Understand in what cases ML might be the solution to your problem.
Now that you have a better sense of what machine learning is and what are the different approaches to training a model, you are probably wondering how machine learning can help in your daily work. This lesson will address just that.
No-one framed this conversation in a more effective way than the Quartz AI Studio. In the following paragraphs we will borrow their model (with permission) to help you understand some of the situations and feelings you might have when machine learning could help.
Movies about journalism tend to glorify investigations where reporters spend months reading boxes of documents in a windowless room to uncover big stories of corruption. What if we could achieve the same results in a fraction of the time?
Machine learning can help you do exactly that and for this reason is already being used by investigative journalists all across the world.
In 2019, the International Consortium of Investigative Journalists (ICIJ) received more than 700,000 leaked documents, collectively known as the Luanda Leaks. In order to analyse all those files, the ICIJ partnered with Quartz, whose investigation team built a machine learning model to help journalists find the kinds of documents they expected in the cache of leaks.
Another kind of challenge a reporter might face when working on a story is the ability to compare a set of documents with a corpus of similar nature. For example, a political reporter might want to compare one president's State of the Union speeches to all those pronounced by other president's decade after decade.
It happens that this is another challenge machine learning is pretty good at dealing with.
Back in 2017, ProPublica used a computer model to analyse press releases from individual members of the US Congress in comparison with all Congressional press releases published during the same time.
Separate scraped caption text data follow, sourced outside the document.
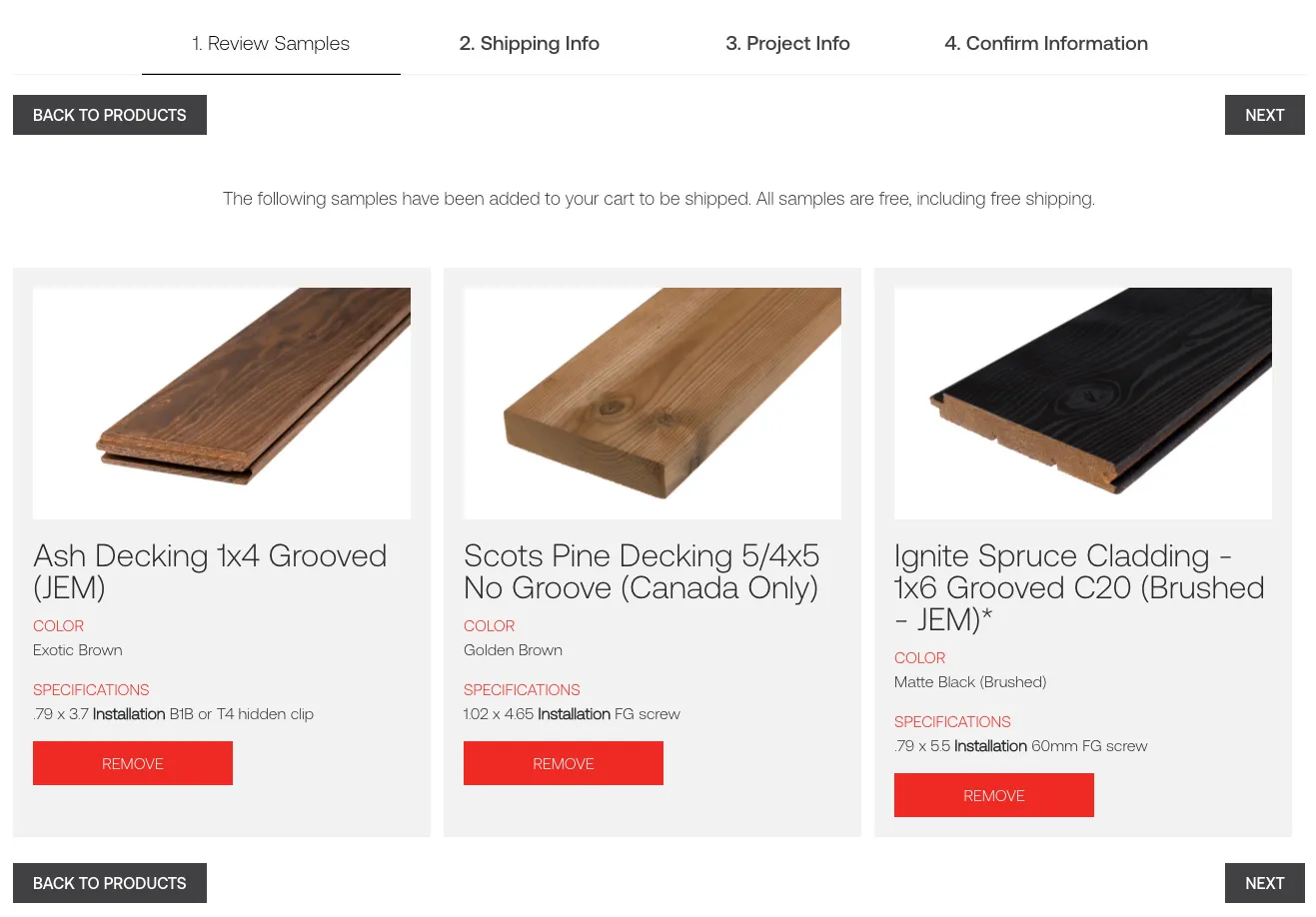 Thermory USA Website Cart Module | Building Materials Web Design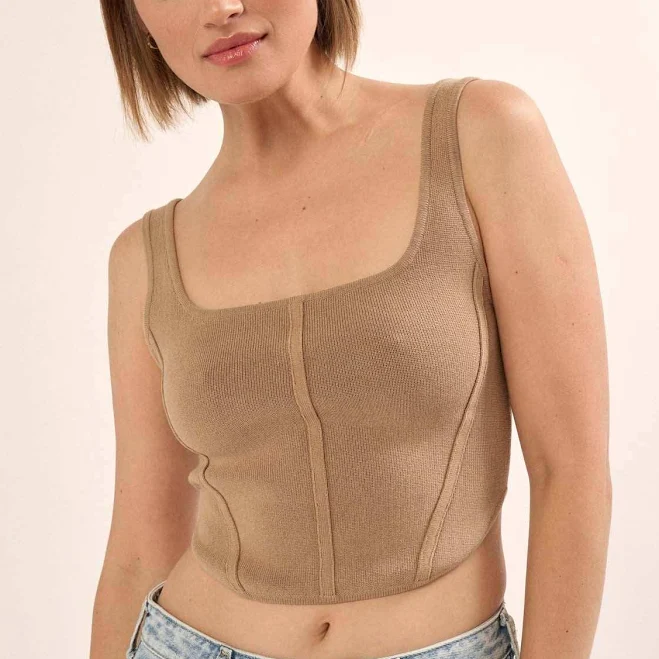 corset top Shaper Fit Square Neck Rib-Knit Tank Top ShopPromesa $46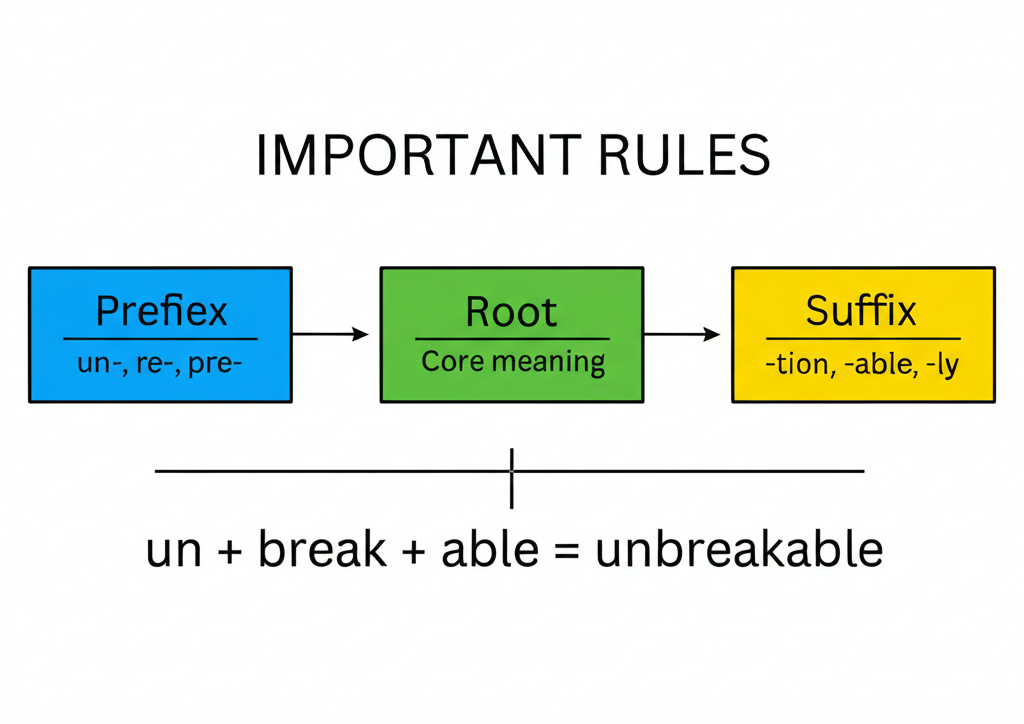 Diagram showing how words are built from prefixes, roots, and suffixes — for example, 'un' (prefix) + 'believe' (root) + 'able' (suffix)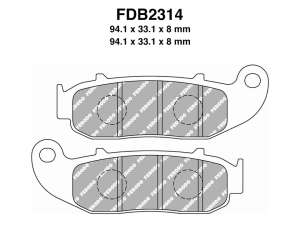 PASTIGLE FRENO FERODO MESCOLA ORGANICA MOTO CODICE FDB2314EF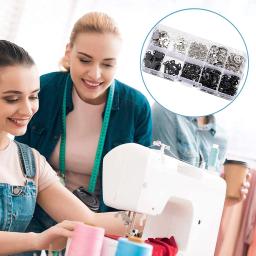 100 pçs ganchos de costura e olhos conjunto costurar-em botões snap botão de roupas diy fechamentos de costura snaps kit para sacos de roupas costura artesanato - Image 6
This allowed reporters to learn what topics members of Congress cared the most about, or at least talked about more than their peers.
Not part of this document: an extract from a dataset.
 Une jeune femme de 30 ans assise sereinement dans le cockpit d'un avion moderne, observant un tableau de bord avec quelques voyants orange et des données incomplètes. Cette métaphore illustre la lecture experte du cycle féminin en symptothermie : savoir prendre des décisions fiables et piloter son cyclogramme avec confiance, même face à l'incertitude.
Our world is photographed zillions of times a day. And this translates into an unprecedented amount of images reporters might find stories in. If only there was a way to teach computers to find specific details in a database of visual information... You know where this is going: enter machine learning.
The Ukrainian data journalism agency Texty used machine learning to detect illegal amber mines across Ukraine. Combining different algorithms, they were able to train the ML system on existing examples of amber mining, so that it could find new examples in a set of satellite images.
The resulting story included an online map in which a viewer can zoom into pictures of amber mines across the country.
Words, images, and now numbers. Among the many things computers can do better than humans, there is processing numeric data at scale. If you have thousands of numeric records to analyse, especially if you want to spot patterns and similarities, you are dealing with another case when machine learning can help.
That's what BuzzFeed News did in 2017 for their story on hidden spy planes, which made quite some noise as one of the early high-level examples of journalism applying machine learning for reporting purposes.
They trained a computer to find surveillance aircraft by letting a "random forest" algorithm sift for planes with flight patterns that resembled those operated by the FBI and the Department of Homeland Security.
Amber mines, corruption scandals, spy planes and State of the Union speeches. As you can see, machine learning can be quite handy in supporting your work by augmenting your ability to find and tell important stories with data.
By now, though, it should also be clear that machine learning is not magic. You might even say that it can't do anything you couldn't do – if you just had a thousand tireless interns working for you.
It's still entirely up to you to consider whether machine learning is the right tool to aid the story you want to report. After that assessment is made, you can count on machine learning to help you sift through an unmanageable amount of information and empower your journalism with the findings.